Alain Damasio : J’aurais
pu l’imaginer, comme un auteur de SF peut extrapoler sur une
catastrophe nucléaire, un réchauffement climatique extrême, une pluie de
météores, on peut toujours imaginer. Ce qui est le plus surprenant,
c’est toujours le côté irrationnel, voire absurde du réel. Quand tu
anticipes, tu rationalises ton anticipation pour la rendre le plus
crédible possible. Tu mets en place des systèmes de règles et de
résonances internes à l’univers, des façons logiques pour le pouvoir
d’agir. Et le réel surgit, et tu as un Trump, et ça, personne ne peut
l’anticiper à ce degré de folie ubuesque, de stupidité aberrante, de
cynisme total, d’égocentrisme abject. C’est un hapax, Trump. C’est un
personnage presque impossible à créer.
Ce
que j’aurais pu imaginer facilement, c’est la réaction disciplinaire et
contrôlante de l’Etat face à cette pandémie, les drones, le flicage
numérique, le tracking, l’aérodynamique de la peur si fortement
utilisée. Ces fonctionnements sont classiques et rationnels, ce sont de
vieilles ficelles enroulées sur une nouvelle bobine clinquante, un peu
techno, un peu moderne.
Philippe : L’actualité met un sacré coup à la furtivité. Le débat sur le traçage n’a jamais été aussi présent. On se moquait des Chinois, mais on s’approche de leur modèle. Comment garder des bribes de démocratie dans ce nouveau monde ?
En
refusant de sacrifier quoi que ce soit à la peur. Tout ce qui se fait au
nom de la peur est suspect, selon moi. On doit lutter à tous les
niveaux : juridiquement, artistiquement. Concrètement en refusant
d’utiliser l’appli, politiquement en manifestant. La furtivité n’est
jamais une évidence, elle se conquiert. C’est une liberté qu’il nous
faut arracher dans un contexte ultra-sécuritaire.
BouledeChat : Dans « Les Furtifs », le monde (enfin la France au moins) est divisé en différentes zones, un système de surveillance de masse permet de vérifier que ceux qui n’y ont pas droit n’aillent pas dans les lieux réservés aux élites. Avec l’application StopCovid, la classification des départements en zones rouges et vertes… on se croit parfois en plein roman !
Ça ne fait pas
rêver ! Mais ce mouvement est comme inclus dans les potentialités de la
géolocalisation.

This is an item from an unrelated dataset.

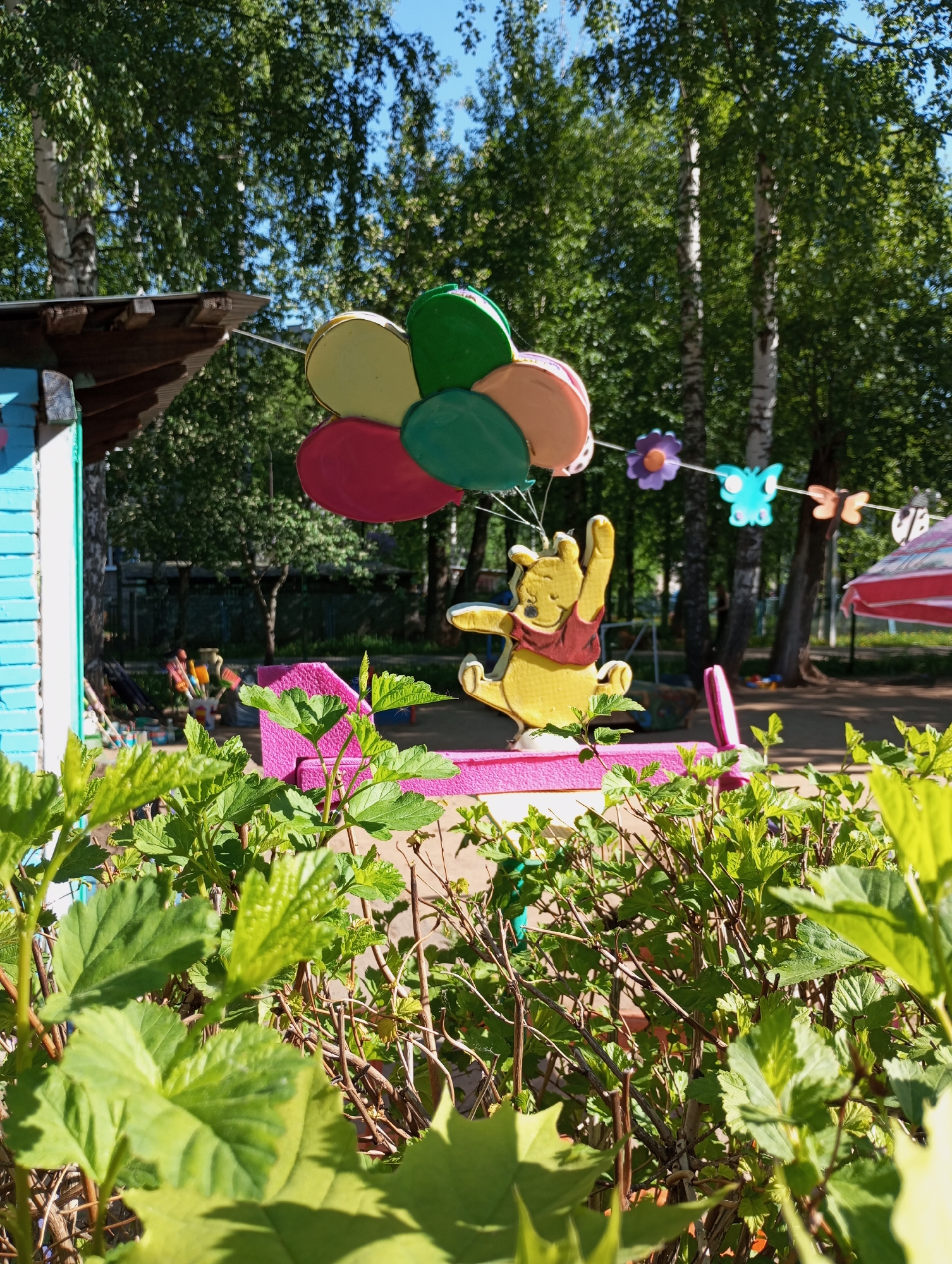 The image shows a brightly colored outdoor scene, possibly a playground or recreational area in Izhevsk, Russia. In the foreground is lush green foliage, partially obscuring a pink picnic table. Atop the table sits a cutout figure of Winnie the Pooh holding a bunch of balloons colored yellow, green, and pink. A string of decorative cutouts, including flowers and butterflies, stretches in the background. The left side of the frame shows a section of a small blue building, while a striped umbrella can be seen on the right. The background features tall trees under a clear blue sky.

Le smartphone était à l’origine un outil d’échange
nomade. Il est aussi devenu, malheureusement, un outil de traçage
extrêmement précis et continu qui potentialise des applis, largement
gadgets, comme StopCovid. Le nombre de façons de biaiser l’utilisation
par les pouvoirs et par les gens mal intentionnés de ces applis fait
froid dans le dos. Des chercheurs ont dévoilé quinze façons de les
pervertir gravement. Elles n’ont rien d’anonyme en réalité. Et elles
créeront un précédent.
En
tout cas, le zonage disciplinaire revient grâce à ces technologies
fluides. Elles autorisent un contrôle à distance et un suivi exhaustif
des citoyens avec peu de moyens finalement. Belle rentabilité du
pouvoir !
Matt 48 : Le combat des mots et de la communication fait rage en cette période. Quelle importance donner au langage dans les luttes à venir ?
Le
langage ne doit pas être surestimé, mais il compte. Je vois les mots
comme des graines qui ensemencent ou non l’imaginaire, l’ouvrent ou le
polluent. Dire le « Tout-Monde » comme [Edouard] Glissant ne porte pas la même chose que de parler de mondialisation. Dire « décroissance » est moins riche que de parler de « poussée du vivant », de « croissance de nos disponibilités ». Dire « le vivant » est très différent que de dire « la nature » qui signifie déjà la coupure. Ça ne porte pas le même imaginaire, ça n’ouvre pas aux mêmes libertés.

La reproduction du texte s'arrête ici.